To start off, we learned why sound is important. Poor video can be tolerated, but poor sound cannot. This made me think of whenever I watch Netflix. Sometimes, the internet speed is not at its best (mizzou wireless ugh), so the image can get pixelated and not as clear. The second the sound does not match the person’s lips though, I’m out. Netflix watching is over. I feel like this a common feeling. So, when we produce sound, we must strive for excellent sound quality. Next, sound lets you to operate in something that cannot really be duplicated. Sound can be described for hours, but you never really know what it sounds like until you hear it for yourself. Last, sound allows you to tell a deeper story, especially with the use of ambient and natural sounds.

That being said there are three different types of sounds, natural (or nat), ambient, and voice-over. Natural sounds are sounds that are produced in their normal, naturally occurring habitat. They are often used to set a scene and are placed under the voices in the piece to provide context and to push the story forward. For example, birds chirping is a natural sound. Ambient sound is all non-natural sounds that occur in the locale you are recording. These sounds are used to create a sense of place in the story and provide emphasis. These sounds are very effective because it again it is much more powerful to hear a sound than to be told about a sound. Voice-over is the voice of the narrator or the people being interviewed in a piece. The voices are the main focus of the story. Take note, stories with only voiceovers are very boring. Make sure to collect as much natural and ambient sound as possible.

We also discussed types of sound stories you can do. Straight news stories usually have quicker deadline times and are often what you hear if there is breaking news. Storytelling, on the other hand, is more of a feature story. These types of sound stories are more likely to contain natural and ambient sound. That being said hard hitting news stories can have them too, its less common.

To wrap up our class, writing and interviewing was covered, since the two topics are so closely related. It is important to use active verbs as much as possible in you writing, as well as being succinct. You should write conversationally in the sense that it should be understand, but it must be written professionally. Moving to interviews, make sure your interviews are descriptive and engaged in the interviewee. Remember to not say “uh-huh” or give vocal feedback because your microphone will pick it up! Lastly, its okay to ask questions you already know the answer to. It’s more interesting to have your source say something instead of you as the narrator. Keeping the reader in mind should always be an important part of everything you do. You want them to say “Wow, I’m glad I saw that.” Or heard it or read it.

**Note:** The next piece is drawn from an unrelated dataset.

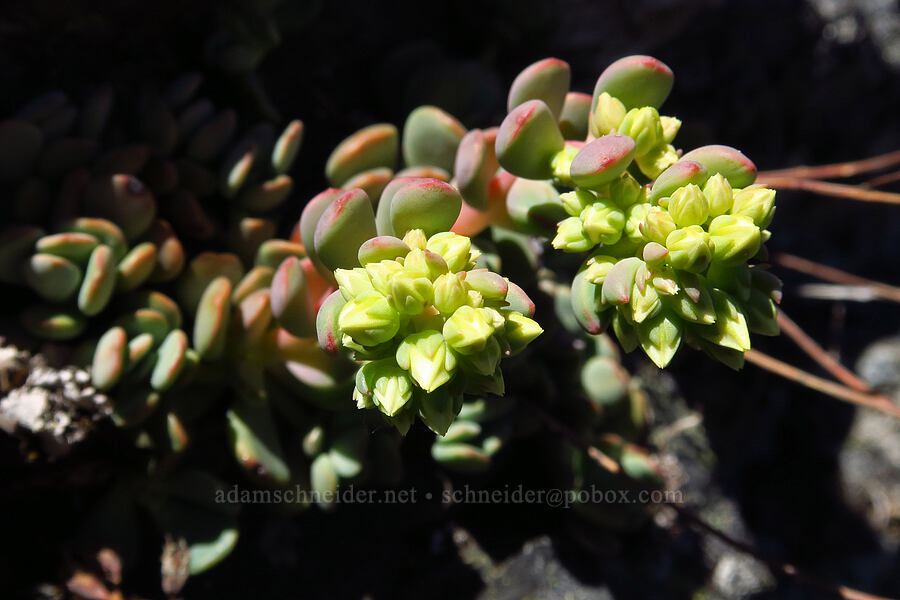 creamy stonecrop, budding (Sedum oregonense) [Bald Mountain, Jackson County, Oregon]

I will spare you the more technical parts of recording sound, like the ideal range to record is between -12 and -6 dB and you want to hold the microphone no less than 6 inches away from the side of a person’s mouth. All in all, I’m excited to venture into the world of sound. I will leave you with a few questions you want to ask while interviewing and creating a sound story.

  • What type of story is this?
  • What tone should I use?
  • Am I on deadline or can I be more creative?
  • Why does my listener care?
  • What’s my endgame?
  • Who do I need to interview?
  • Where will I be interviewing?
  • What information do I need to get to the reader? How can I use sounds to do this?
  • What kind of sounds illustrate the story? How can I get them?